MATERIAL FOR THE TASK:
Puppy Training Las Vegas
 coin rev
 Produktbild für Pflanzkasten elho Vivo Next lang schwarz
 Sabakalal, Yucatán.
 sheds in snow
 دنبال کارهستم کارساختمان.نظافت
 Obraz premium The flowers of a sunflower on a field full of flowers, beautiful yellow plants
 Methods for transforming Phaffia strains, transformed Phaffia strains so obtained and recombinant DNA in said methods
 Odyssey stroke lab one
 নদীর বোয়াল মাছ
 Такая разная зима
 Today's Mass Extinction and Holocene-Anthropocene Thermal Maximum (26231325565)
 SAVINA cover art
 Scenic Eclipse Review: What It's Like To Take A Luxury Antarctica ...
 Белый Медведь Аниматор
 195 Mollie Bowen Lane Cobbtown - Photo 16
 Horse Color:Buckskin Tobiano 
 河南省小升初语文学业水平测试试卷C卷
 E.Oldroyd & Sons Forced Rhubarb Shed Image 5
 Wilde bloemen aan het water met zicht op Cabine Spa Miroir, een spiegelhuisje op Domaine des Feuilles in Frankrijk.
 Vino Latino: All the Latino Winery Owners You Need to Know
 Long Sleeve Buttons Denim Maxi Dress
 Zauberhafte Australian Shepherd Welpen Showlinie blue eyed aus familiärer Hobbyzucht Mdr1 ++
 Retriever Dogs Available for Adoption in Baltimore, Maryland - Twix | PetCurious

WHAT IS REQUIRED:
The lines beginning with the one that holds "E.Oldroyd & Sons Forced Rhubarb Shed Image 5" and ending with the last line of the data above are to be reproduced exactly, and nothing else.

SOLUTION BELOW:
 E.Oldroyd & Sons Forced Rhubarb Shed Image 5
 Wilde bloemen aan het water met zicht op Cabine Spa Miroir, een spiegelhuisje op Domaine des Feuilles in Frankrijk.
 Vino Latino: All the Latino Winery Owners You Need to Know
 Long Sleeve Buttons Denim Maxi Dress
 Zauberhafte Australian Shepherd Welpen Showlinie blue eyed aus familiärer Hobbyzucht Mdr1 ++
 Retriever Dogs Available for Adoption in Baltimore, Maryland - Twix | PetCurious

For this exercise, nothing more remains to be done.